Production study
Acoustic (MK 224 microphone and MV 181A preamplifier, Cirrus Research, Hunmanby, UK) and electroglottography (EGG) (EG2-PCX, Glottal Enterprises, Syracuse, NY, USA) signals of EP and Italian C1V1C2V2 clusters in the carrier sentence (EP, Diga C
1
V
1
C
2
V
2
outra vez/‘Say C1V1C2V2 again’; Italian, Dite C
1
V
1
C
2
V
2
ogni dì/‘Say C1V1C2V2 once more’) were recorded (PMD 671 Solid State Recorder, Marantz, Eindhoven, The Netherlands; 16 Bits, 48 kHz) in a soundproof environment. As can be seen from the carrier sentences, both preceding and following vowels of the target C1V1C2V2 items were very similar for the two languages, thus excluding influences from differing vowel or consonant context. Both the velar stops /k ɡ/ and the four vowel contexts /i e o a/ were pairwise identical for the target item (e.g. ‘kaka’ or ‘gigi’), sentence stress was laid on the C1V1C2V2 pseudoword, and lexical stress was set to its first syllable. Thus, we obtained two different consonant positions (intervocalic initial and medial position). For both languages, each item was repeated nine times in randomised order by six native speakers with university education. The EP speakers were from Central Portugal (mean age 25 years, recorded at the Speech, Language and Hearing Laboratory (SLHlab), University of Aveiro, Portugal), and the Italian native speakers were from the Veneto region in Northern Italy (mean age 40 years, recorded at the Instituto di Scienze e Tecnologie della Cognizione (ISTC), Padova, Italy). Speech rate was held constant during all recordings; correct realisations of all items were supervised by a trained phonetician (both languages). One trained phonetician manually labelled the following landmarks:
-
Onset and offset of the neutral lead-in vowel (preceding the target word)
-
Onset of first stop (V1) burst, if present
-
Onset and offset of the first target vowel (V1)
-
Onset of the second stop (C2) burst, if present
-
Onset and offset of the second target vowel (V2)

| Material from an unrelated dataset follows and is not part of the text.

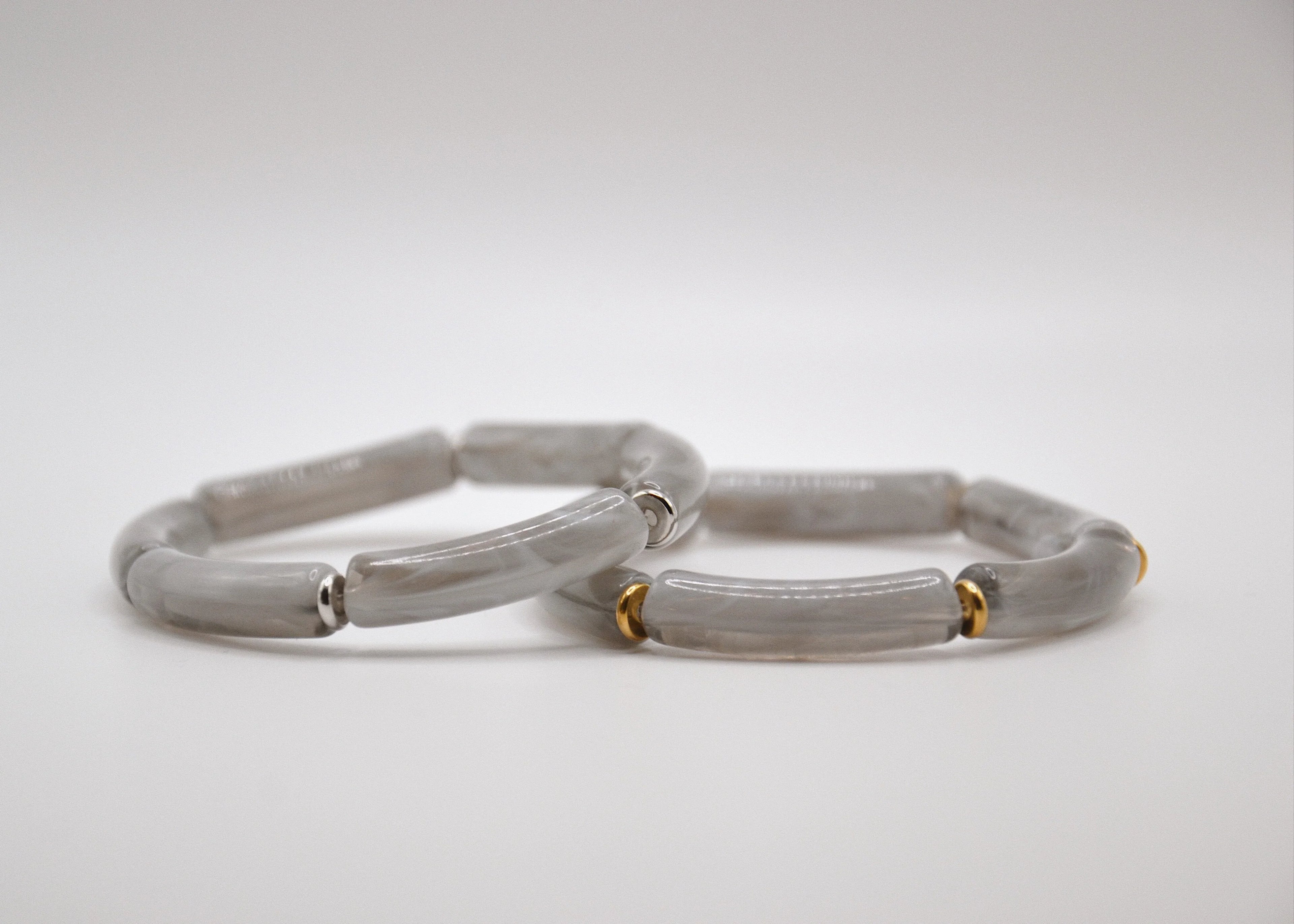 Bracelets jonc en jade gris avec accents dorés et argentés sur fond blanc, bijoux élégants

Similar to [12], we computed the time-dependent voicing status for all stops, sampled at 10 equidistant points throughout the complete stop duration. The first point was set to the beginning of the stop closure (i.e. the preceding vowel offset), whereas the 10th point was set to the following vowel onset. To determine the voicing status for each point a PRAAT 5.2 [17] automatic voicing detection algorithm (AC pitch extraction algorithm with the settings voiceless decision = 0.55 and silence threshold = 0.1) was used and then manually checked against the synchronised EGG signals.
Perception study
Thirty two native EP participants from Central Portugal and 10 native Italian participants from the Veneto region listened to stimuli in a soundproof room (EP, SLHlab Aveiro; Italian, ISTC Padova). They did not receive course credit or financial compensation for their participation. None of the listeners reported speech or hearing problems. Open headphones with a linear frequency response (Sennheiser HD 600, Wedemark Wennebostel, Germany) connected to the internal headphone output of a notebook computer (no other processes running and all networking interfaces disabled) were used. Listeners' responses were collected by means of mouse clicks placed on two screen buttons. The loudness of the stimuli presentation was held constant across all listeners to a comfortable level. The sampling frequency of the presented stimuli was 48,000 Hz at 16 bits.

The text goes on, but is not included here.